I am needing to store easily parsable data in a file as an alternative to the database backed solution (not up for debate). Since its going to be storing lots of data, preferably it would be a lightweight syntax. This does not necessarily need to be human readable, but should be parsable. Note that there are going to be multiple types of fields/columns, some of which might be used and some of which won’t
From my limited experience without a database I see several options, all with issues
- CSV – I could technically do this, and it is very light. However the parsing would be an issue, and then it would suck if I wanted to add a column. Multi-language support is iffy, mainly people’s own custom parsers
- XML – This is the perfect solution from many fronts except when it comes to parsing and overhead. Thats a lot of tags and would generate a giant file, and parsing would be very resource consuming. However virtually every language supports XML
- JSON – This is the middle ground, but I don’t really want to do this as its an awkward syntax and parsing is non-trivial. Language support is iffy.
So all have their disadvantages. But what would be the best when trying to aim for language support AND somewhat small file size?

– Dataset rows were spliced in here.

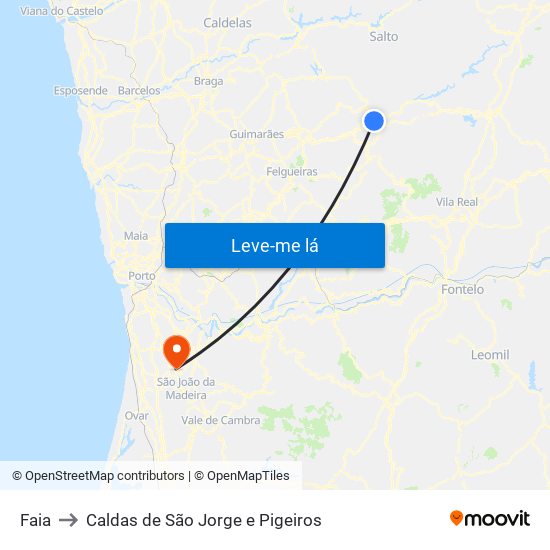 Faia to Caldas de São Jorge e Pigeiros map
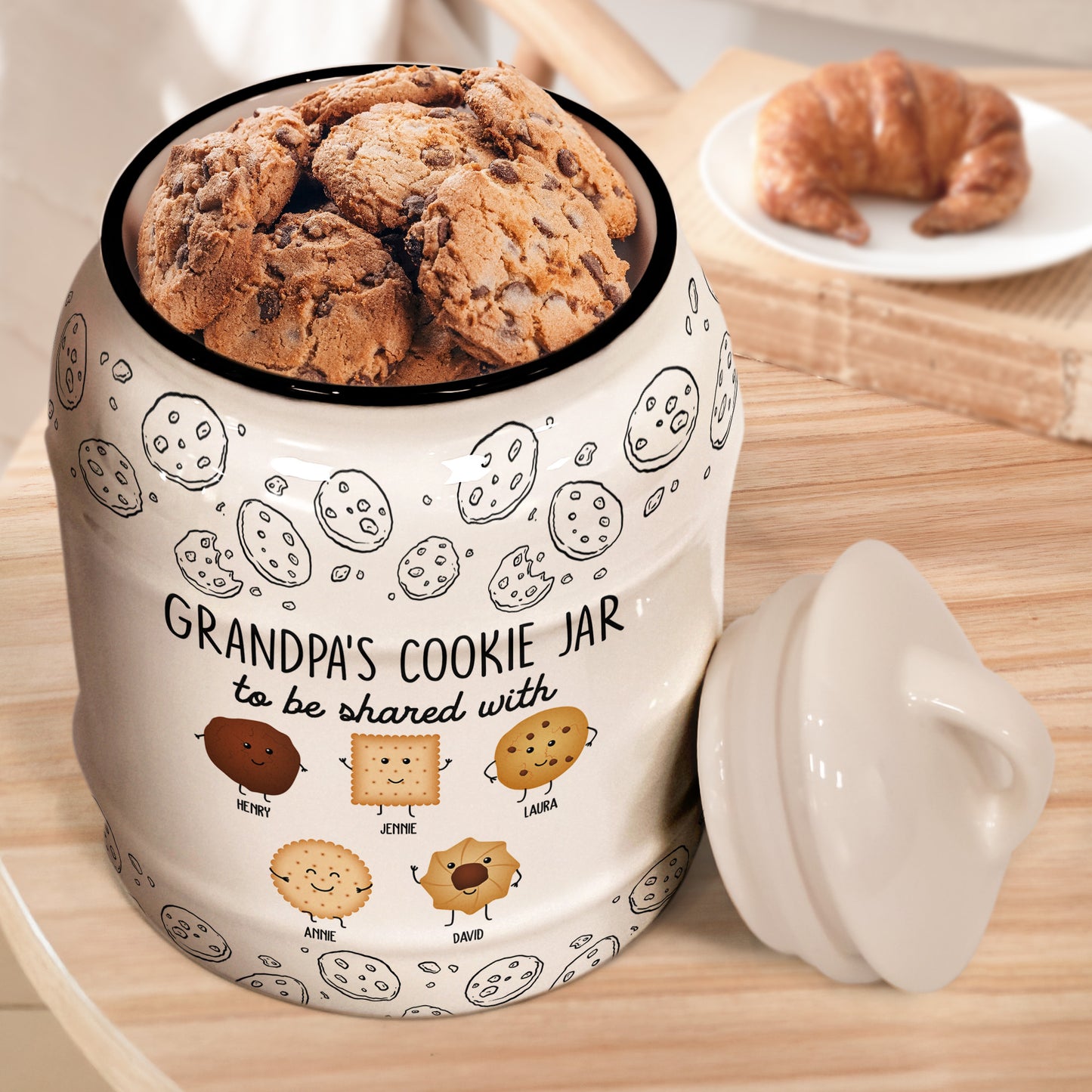 Grandpa & Grandma's Cookie Jar To Be Shared With Kids - Personalized Cookie Jar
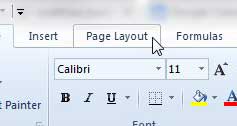 click the page layout tab in excel 2010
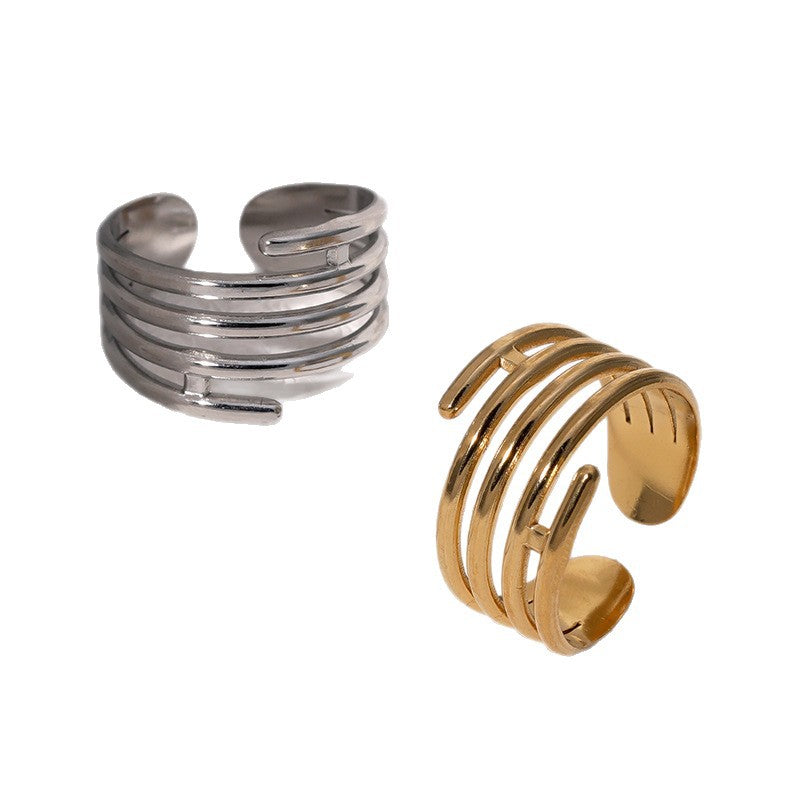 Anello Aperto Regolabile in Acciaio Inossidabile Geometrico Minimalista con Finitura Placcata per Donna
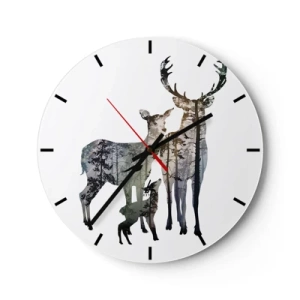 Wandklok - Klok - Silhouetten van herten in het bos tegen de achtergrond van een wit schild - 30x30cm - Familiefotografie - Moderne wanddecoratie voor woonkamer, keuken en slaapkamer ARTTOR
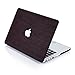 TJFEC PU Leather Coated Soft Touch Hard Case for MacBook Pro 13 inch with Retina Display Model A1425 and A1502 - Dark Wood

If you’re just using the basics of all these formats, all of the parsers are trivial. If CSV is an option, then for XML and JSON you’re talking blocks of name/value pairs, so there’s not even a recursive structure involved. json.org has support for pretty much any language.
That said.
I don’t see what the problem is with CSV. If people write bad parsers, then too bad. If you’re concerned about compatibility, adopt the default CSV model from Excel. Anyone that can’t parse CSV from Excel isn’t going to get far in this world. The weakest support you find in CSV is embedded newlines and carriage returns. If you data doesn’t have this, then it’s not a problem. Only other issue is embedded quotations, and those are escaped in CSV. If you don’t have those either, then its even more trivial.
As for “adding a column”, you have that problem with all of these. If you add a column, you get to rewrite the entire file. I don’t see this being a big issue either.
If space is your concern, CSV is the most compact, followed by JSON, followed by XML. None of the resulting files can be easily updated. They pretty much all would need to be rewritten for any change in the data. CSV has the advantage that it’s easily appended to, as there’s no closing element (like JSON and XML).